Replication Technology
Replication is a set of SQL agent job which will be created while configuring replication. This Replication SQL Agent job will copy and send data and database objects (Tables i.e Articles, SP, Views & UDF etc) from one database to another database. There will be three roles in replication i.e. Source DB server is publisher and destination/Target DB server is subscriber. In between there will be distributor DB server. All three will communicate with each other. We can have all 3 in the same servers or 2 severs or each one will be in dedicated server to configure replication. It is based on client requirement and DBA needs we choose as per requirement.
SQL agent job or replication agent will be created in the background while configuring replication.
Additionally, Publication is publishing the objects from publisher to subscriber.
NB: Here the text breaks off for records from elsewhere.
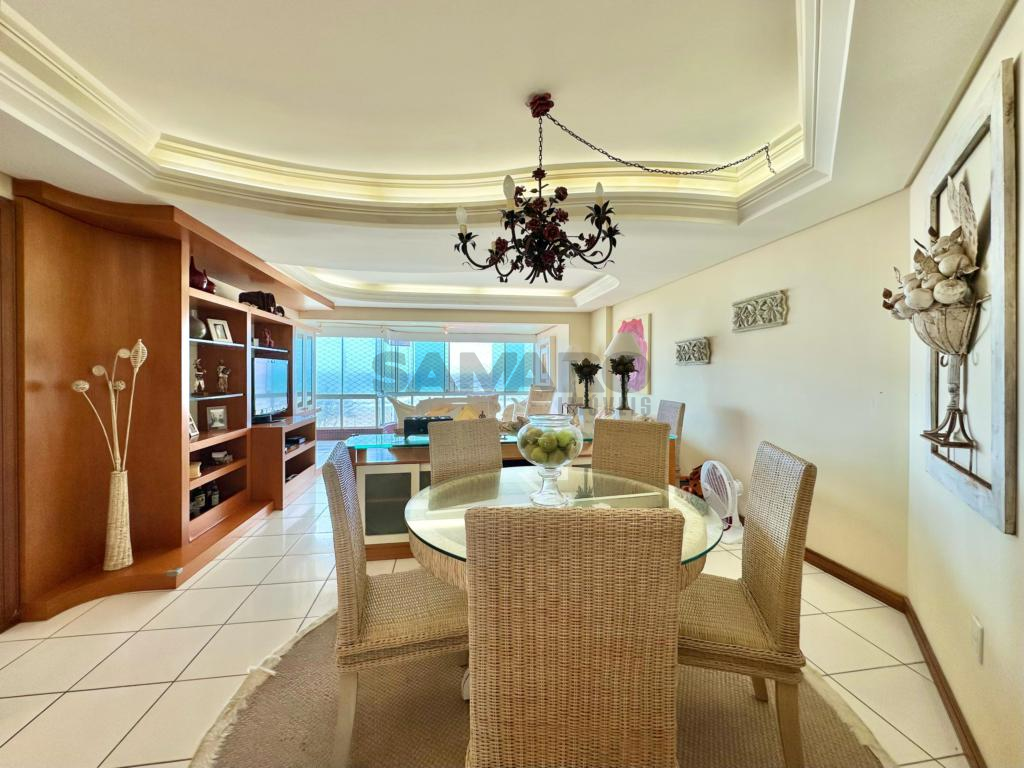 Apartamento 4 Dormitórios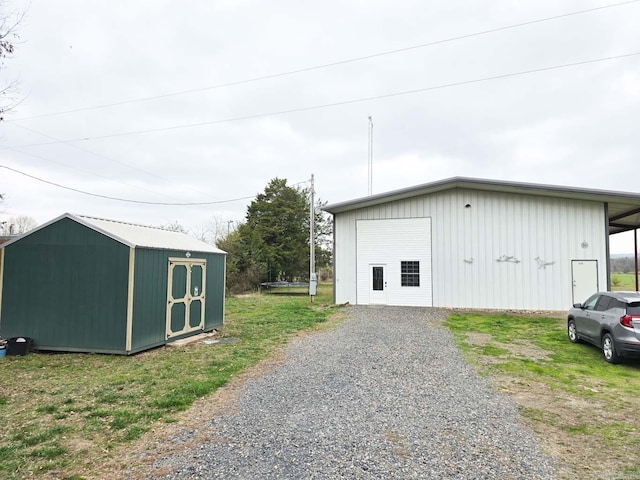 view of outdoor structure with an outdoor structure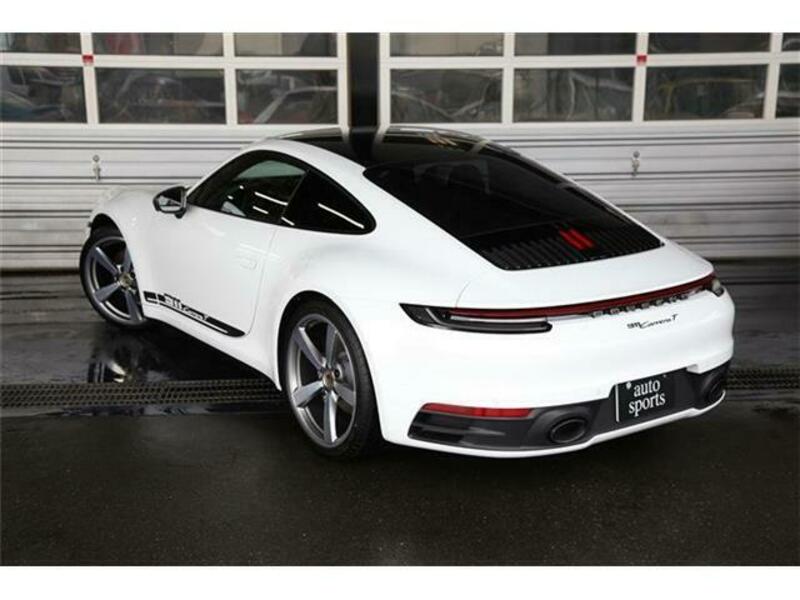 911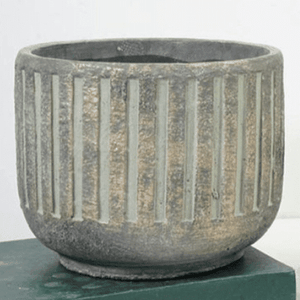 products/striped-cement-plant-pot-726125.png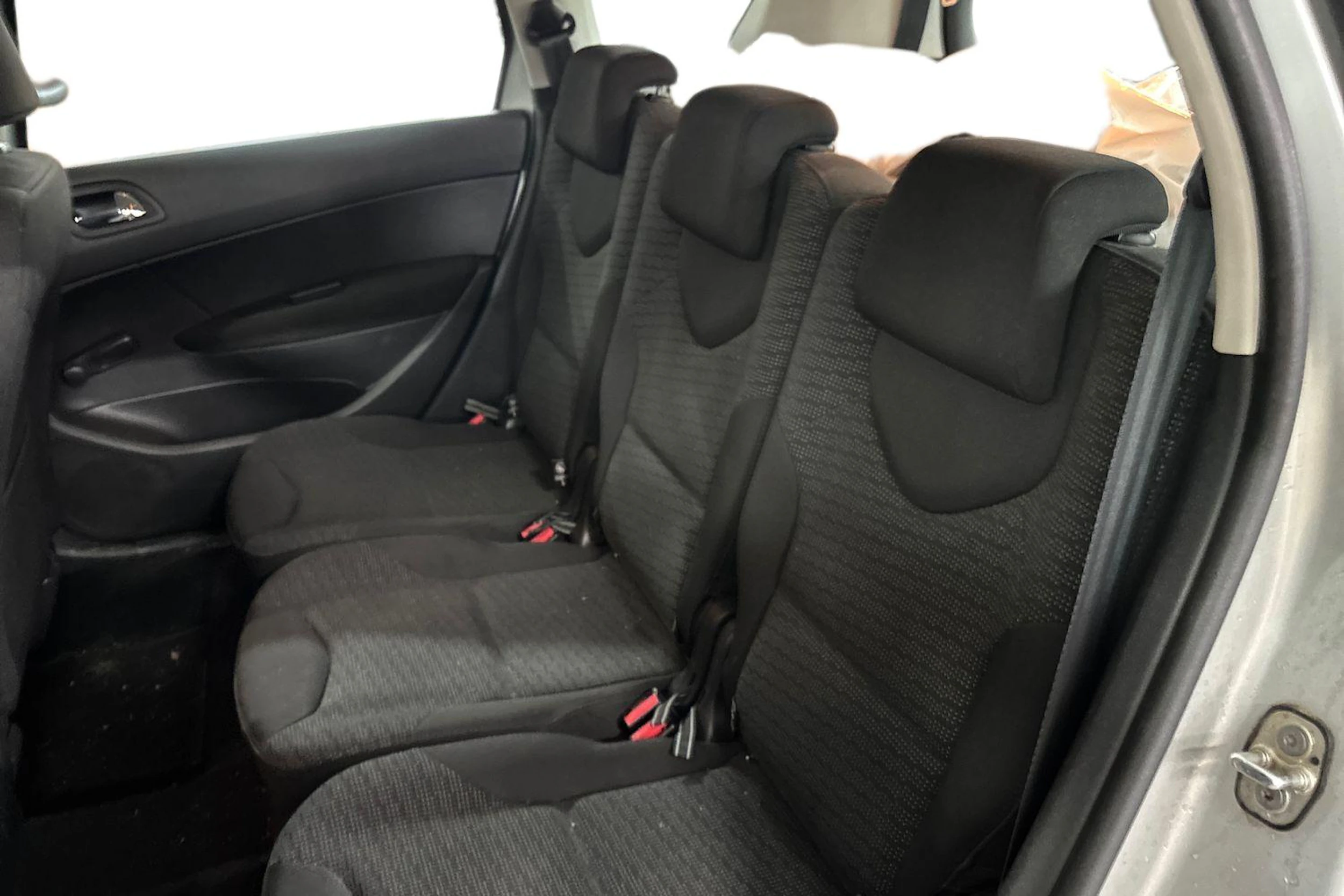 Harmaa Peugeot 308 2010 kuva 8.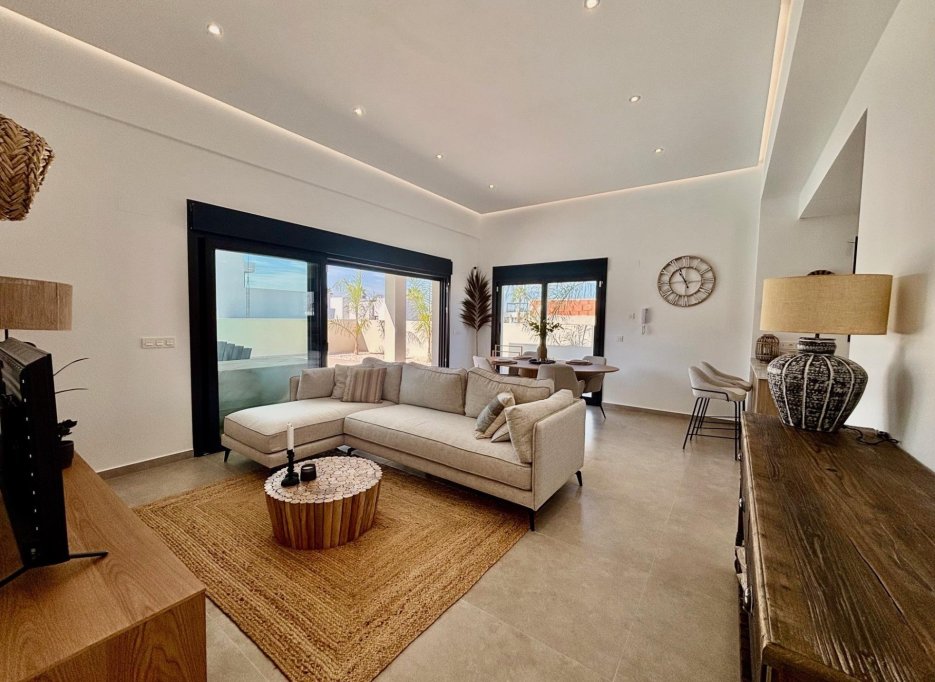 Nowy budynek - Villa -
Rafal - polideportivo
Subscriber is subscribing from that publisher. distributor is middle man getting a data from publisher and send to subscriber.
Publisher is primary server – main server, Subscriber is secondary server – this would be used for reporting purpose and distributor is middle man can be in the same publisher server or dedicated server.
Publication is database objects will be hosted or created in publisher server. A single database can be published as different publication name to multiple subscribers. Check how many agent jobs are created.
Subscription is database objects will be hosted or created in each subscriber server.
Distribution is database will be created in distributor server while configuring replication. This database will be available under system database not as normal user database.
At first we need to configure distributor, publisher and finally subscriber.
Basic designs with how the SQL agent job created and how many jobs?
Design:1 We can have only one Publication with multiple subscribers, under that publication.
Here you can only have one snapshot agent job that will push the data to all your subscription. Not good for large database. In case of any issues, the snapshot will be pushed to all the subscribers.
Design:2 We can have one publication with one subscriber underneath. Here you can have snapshot agent job for each publication.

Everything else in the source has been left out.